Bahkan, kata Febri, KPK meyakini bahwa peran Setya Novanto diduga lebih signifikan dibanding tiga terdakwa perkara KTP-el sebelumnya. Mereka antara lain Irman, Sugiharto, dan Andi Agustinus alias Andi Narogong.

"Lebih signifikan Setya Novanto kami duga dibanding tiga terdakwa sebelumnya. Oleh karena itu kami harap nanti bisa dijatuhi vonis yang maksimal tetap sekali lagi penjatuhan vonis adalah kewenangan dari hakim tentu tidak tepat kalau KPK bicara terlalu jauh soal itu," tuturnya.

Menurut Febri, selama proses persidangan, mantan Ketua DPR RI itu tidak memberikan keterangan yang signifikan. Sehingga, itu juga menjadi salah satu penyebab pengajuan Novanto untuk menjadi justice collaborator (JC) juga ditolak.

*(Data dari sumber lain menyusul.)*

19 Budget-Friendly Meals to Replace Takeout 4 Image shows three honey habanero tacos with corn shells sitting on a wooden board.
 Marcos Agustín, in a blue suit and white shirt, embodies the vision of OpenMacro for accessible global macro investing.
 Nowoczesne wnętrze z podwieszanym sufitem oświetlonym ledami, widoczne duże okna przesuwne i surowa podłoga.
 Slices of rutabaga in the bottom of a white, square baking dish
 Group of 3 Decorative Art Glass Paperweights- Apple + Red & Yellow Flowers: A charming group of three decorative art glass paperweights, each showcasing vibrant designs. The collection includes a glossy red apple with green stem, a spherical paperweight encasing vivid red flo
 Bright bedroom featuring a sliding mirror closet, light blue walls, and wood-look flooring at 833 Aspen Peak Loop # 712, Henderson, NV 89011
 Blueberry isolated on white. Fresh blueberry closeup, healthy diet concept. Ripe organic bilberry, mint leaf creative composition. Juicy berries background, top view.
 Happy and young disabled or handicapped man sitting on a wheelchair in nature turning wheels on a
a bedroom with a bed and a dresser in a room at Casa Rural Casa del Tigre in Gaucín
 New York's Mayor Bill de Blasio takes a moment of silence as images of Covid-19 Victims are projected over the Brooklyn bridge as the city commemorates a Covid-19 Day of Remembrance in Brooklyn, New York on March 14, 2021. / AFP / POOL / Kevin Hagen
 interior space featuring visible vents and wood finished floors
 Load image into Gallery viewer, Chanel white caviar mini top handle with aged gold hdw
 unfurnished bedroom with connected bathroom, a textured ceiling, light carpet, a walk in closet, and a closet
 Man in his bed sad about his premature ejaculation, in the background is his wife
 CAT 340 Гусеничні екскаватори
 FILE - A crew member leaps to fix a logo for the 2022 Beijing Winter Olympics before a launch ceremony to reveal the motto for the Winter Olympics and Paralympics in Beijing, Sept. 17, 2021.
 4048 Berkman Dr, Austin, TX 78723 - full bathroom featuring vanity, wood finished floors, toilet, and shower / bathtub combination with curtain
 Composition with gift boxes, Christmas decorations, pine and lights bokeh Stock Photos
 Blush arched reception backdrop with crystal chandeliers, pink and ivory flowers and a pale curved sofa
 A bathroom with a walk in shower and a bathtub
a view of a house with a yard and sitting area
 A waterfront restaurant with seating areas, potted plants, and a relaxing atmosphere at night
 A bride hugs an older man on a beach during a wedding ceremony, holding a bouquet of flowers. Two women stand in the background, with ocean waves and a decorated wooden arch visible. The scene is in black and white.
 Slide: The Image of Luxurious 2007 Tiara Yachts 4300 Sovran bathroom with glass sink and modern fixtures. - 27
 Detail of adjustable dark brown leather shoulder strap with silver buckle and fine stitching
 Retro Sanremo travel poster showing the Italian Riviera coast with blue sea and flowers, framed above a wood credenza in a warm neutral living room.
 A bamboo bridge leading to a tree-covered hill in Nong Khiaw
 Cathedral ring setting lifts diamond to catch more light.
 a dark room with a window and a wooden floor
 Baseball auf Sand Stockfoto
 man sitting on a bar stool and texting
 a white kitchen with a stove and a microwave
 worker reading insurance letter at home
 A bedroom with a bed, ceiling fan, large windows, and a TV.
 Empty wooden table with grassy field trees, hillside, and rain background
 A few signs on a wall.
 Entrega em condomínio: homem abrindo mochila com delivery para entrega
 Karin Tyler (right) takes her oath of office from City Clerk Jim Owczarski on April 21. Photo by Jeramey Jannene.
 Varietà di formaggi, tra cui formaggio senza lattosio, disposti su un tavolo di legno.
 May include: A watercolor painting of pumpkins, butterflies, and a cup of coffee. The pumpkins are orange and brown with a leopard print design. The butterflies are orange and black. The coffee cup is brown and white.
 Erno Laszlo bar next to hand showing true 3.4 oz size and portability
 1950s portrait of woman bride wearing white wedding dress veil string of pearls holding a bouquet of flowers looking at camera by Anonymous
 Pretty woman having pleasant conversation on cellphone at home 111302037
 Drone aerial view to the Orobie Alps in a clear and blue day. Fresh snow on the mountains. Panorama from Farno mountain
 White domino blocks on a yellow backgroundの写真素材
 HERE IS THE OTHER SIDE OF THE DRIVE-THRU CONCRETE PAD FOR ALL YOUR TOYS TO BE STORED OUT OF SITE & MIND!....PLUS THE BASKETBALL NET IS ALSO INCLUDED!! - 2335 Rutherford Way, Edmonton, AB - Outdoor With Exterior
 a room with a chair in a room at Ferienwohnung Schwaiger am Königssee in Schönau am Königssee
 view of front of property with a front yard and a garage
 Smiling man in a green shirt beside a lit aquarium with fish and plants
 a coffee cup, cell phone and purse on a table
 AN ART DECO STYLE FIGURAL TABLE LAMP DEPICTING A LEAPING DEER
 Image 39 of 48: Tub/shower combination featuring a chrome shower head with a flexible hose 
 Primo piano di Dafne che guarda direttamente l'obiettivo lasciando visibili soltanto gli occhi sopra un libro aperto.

"JC kami tolak, itu cukup tegas karena memang kami pandang Setya Novanto tidak memberikan keterangan cukup signifikan kalau itu dipahami sebagai salah satu bentuk sikap kooperatif untuk membuka peran pihak lain seluas-luasnya. Jadi, kami menilai syarat itu tidak terpenuhi sehingga JC-nya kami tolak," tuturnya.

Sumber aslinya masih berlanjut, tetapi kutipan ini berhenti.